▶ **Given data**:
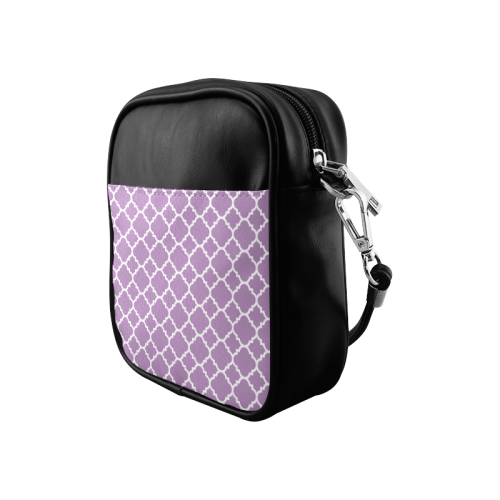 purple lilac white quatrefoil classic pattern Sling Bag (Model 1627)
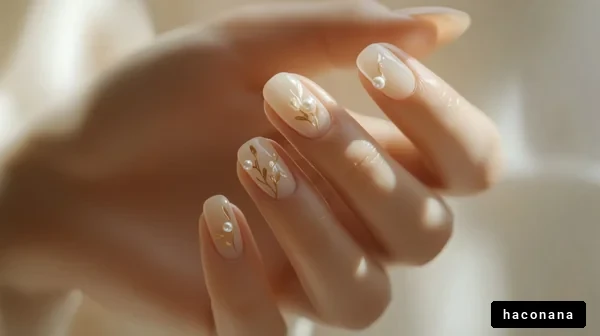 美しいネイルアートの手元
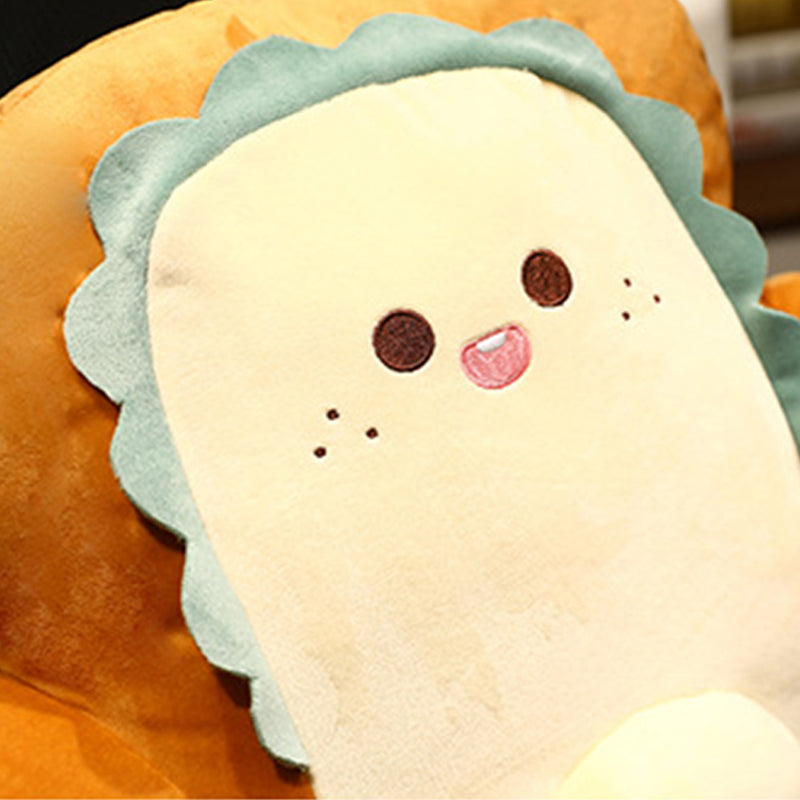 48cm Plush Cute Face Toast Bread Cushion Pp Cotton Back Support Pillow Beige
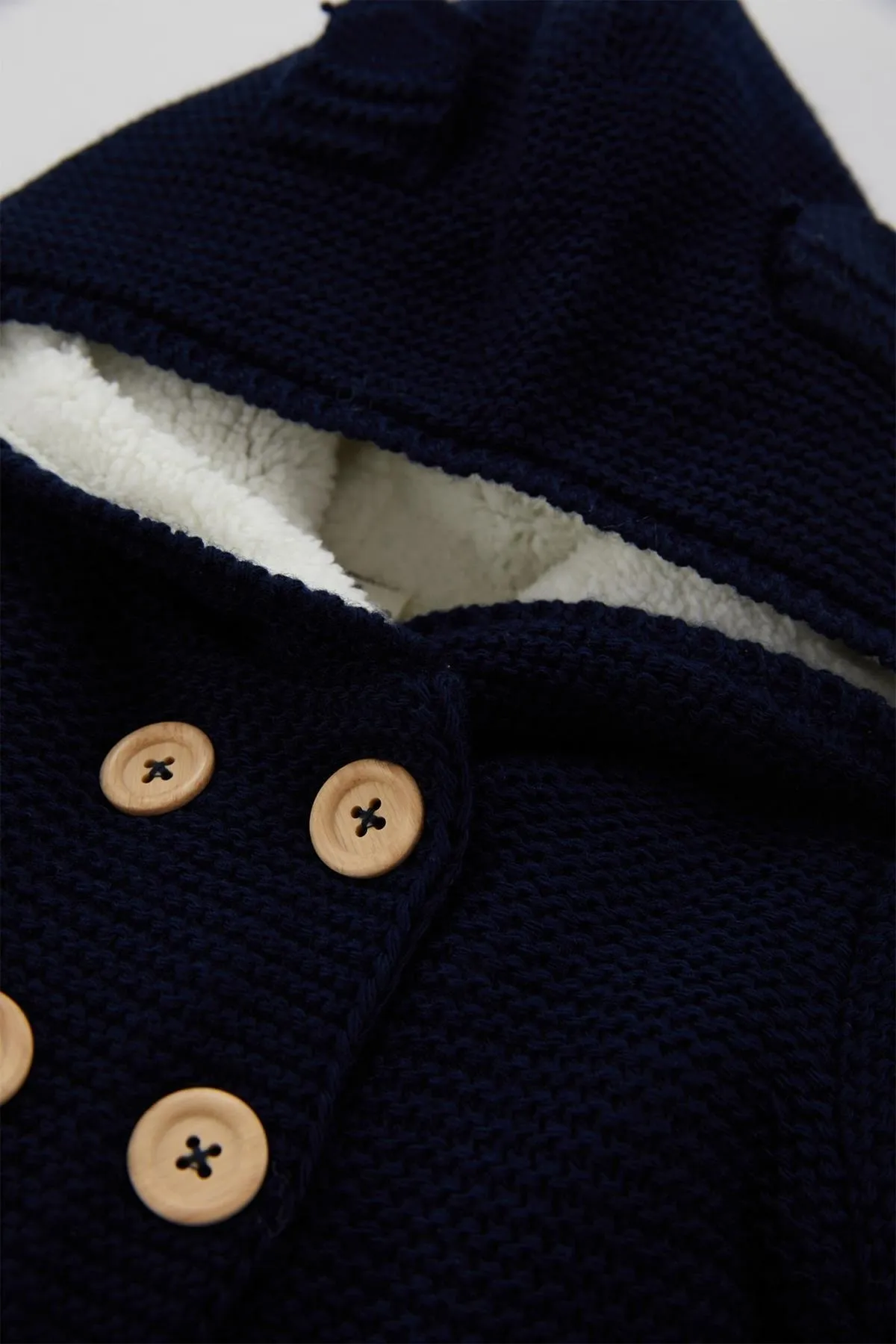 DeFacto  Baby-Strickjacke mit Kapuze und Plüschfutter für Jungen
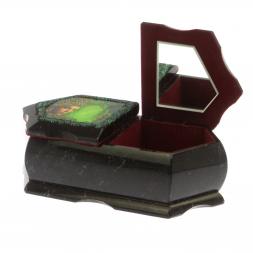 Шкатулка &amp;quot;Хозяйка медной горы / Две ящерицы&amp;quot; 20х10х7,5 см черный змеевик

▶ **Exercise directions**:
The entries above, every one of them, should be retyped exactly, with no pictures carried over.

▶ **Problem solution**:
 purple lilac white quatrefoil classic pattern Sling Bag (Model 1627)
 美しいネイルアートの手元
 48cm Plush Cute Face Toast Bread Cushion Pp Cotton Back Support Pillow Beige
 DeFacto  Baby-Strickjacke mit Kapuze und Plüschfutter für Jungen
 Шкатулка &amp;quot;Хозяйка медной горы / Две ящерицы&amp;quot; 20х10х7,5 см черный змеевик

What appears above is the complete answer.